▶ The task
Transcribe every entry word for word, but drop the pictures.
Provided records section start
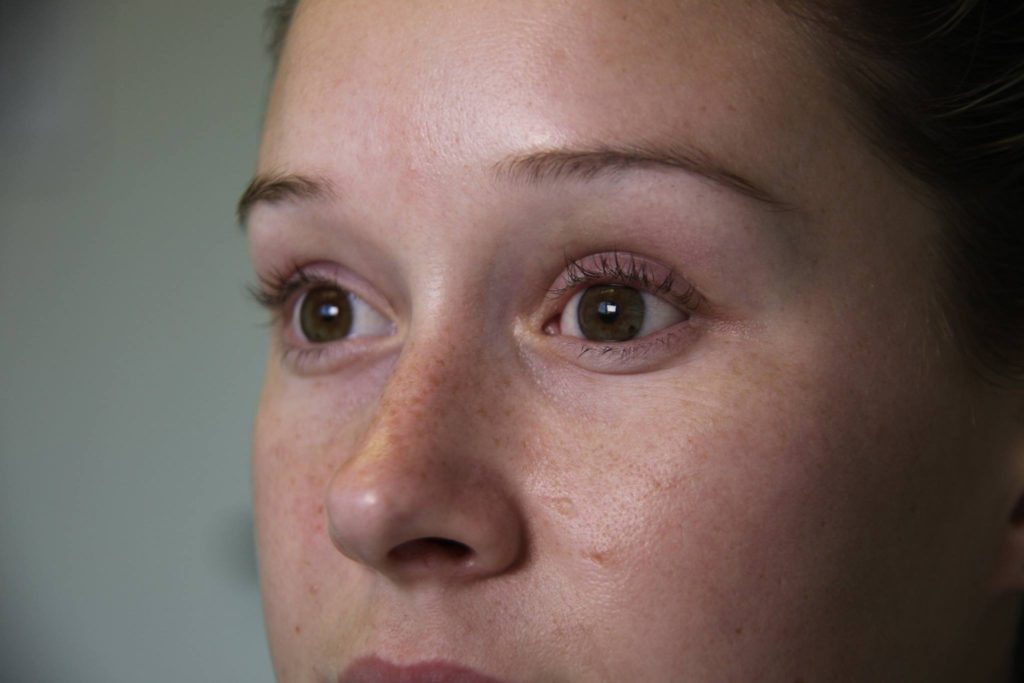 Do I need to Remove my Prosthesis Every Night? Ocularist John Stolpe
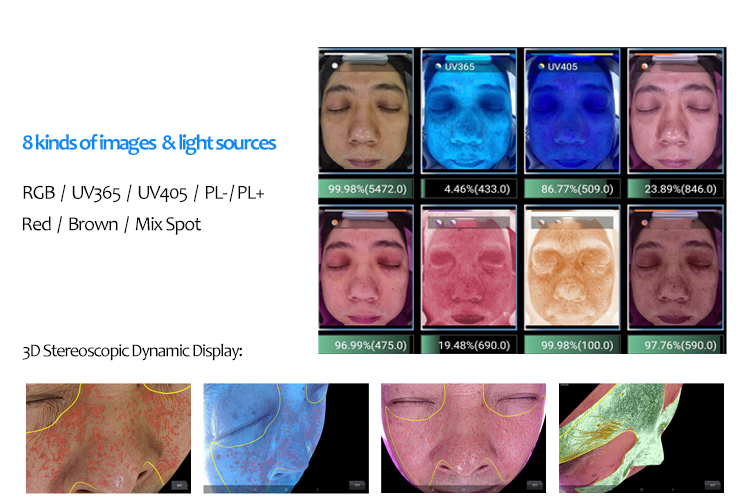 Analizador de piel facial 3D D8S con 8 tipos de imágenes y fuentes de luz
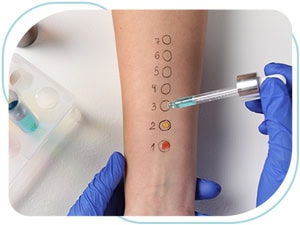 Allergy Patch Testing Near Me in McLean VA, Alexandria VA, Arlington VA, Bethesda MD, Gaithersburg MD, and Rockville MD
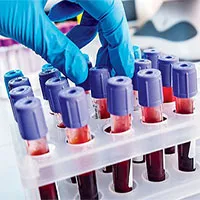Phát hiện cholesterol "xấu xí" vô cùng đáng sợ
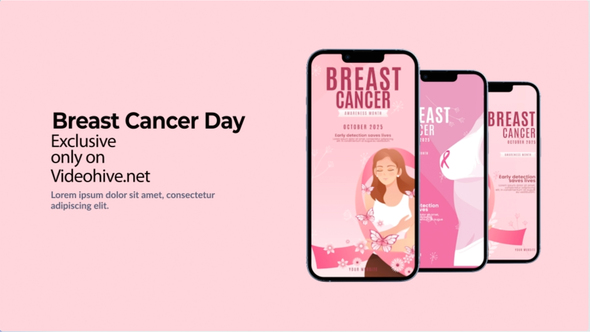 Breast Cancer Instagram Stories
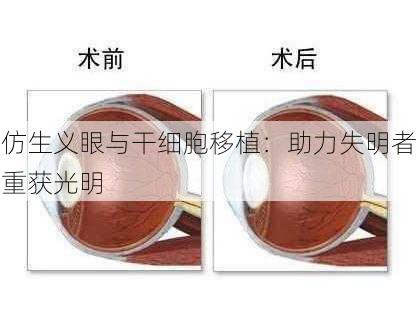 仿生义眼与干细胞移植：助力失明者重获光明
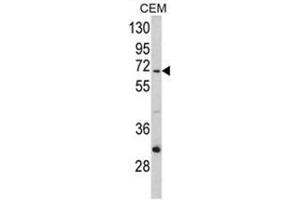 Western blot analysis of ND5 Antibody (C-term) in CEM cell line lysates (35ug/lane). (MT-ND5 Antikörper  (C-Term))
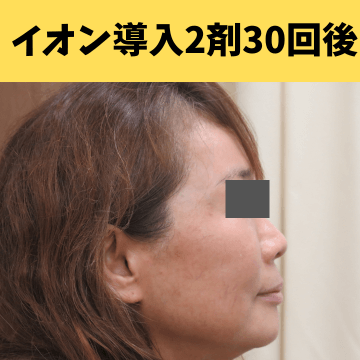 施術後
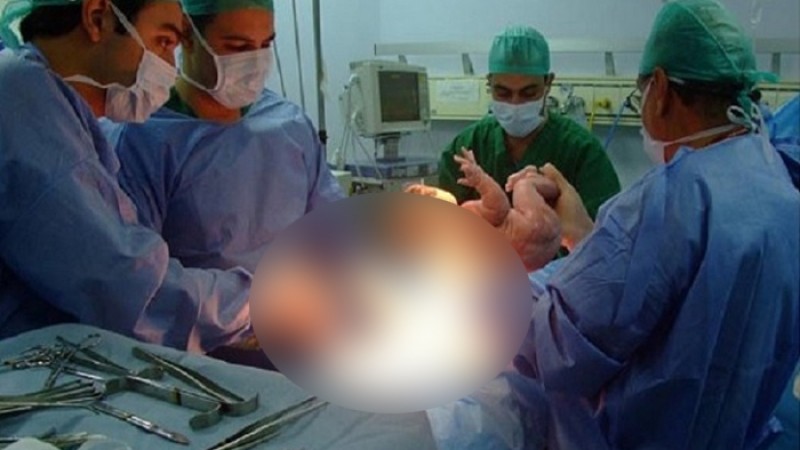 একবারের বেশি সিজার কতটা নিরাপদ?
Provided records section end
▶ Solution
 Do I need to Remove my Prosthesis Every Night? Ocularist John Stolpe
 Analizador de piel facial 3D D8S con 8 tipos de imágenes y fuentes de luz
 Allergy Patch Testing Near Me in McLean VA, Alexandria VA, Arlington VA, Bethesda MD, Gaithersburg MD, and Rockville MD
Phát hiện cholesterol "xấu xí" vô cùng đáng sợ
 Breast Cancer Instagram Stories
 仿生义眼与干细胞移植：助力失明者重获光明
 Western blot analysis of ND5 Antibody (C-term) in CEM cell line lysates (35ug/lane). (MT-ND5 Antikörper  (C-Term))
 施術後
 একবারের বেশি সিজার কতটা নিরাপদ?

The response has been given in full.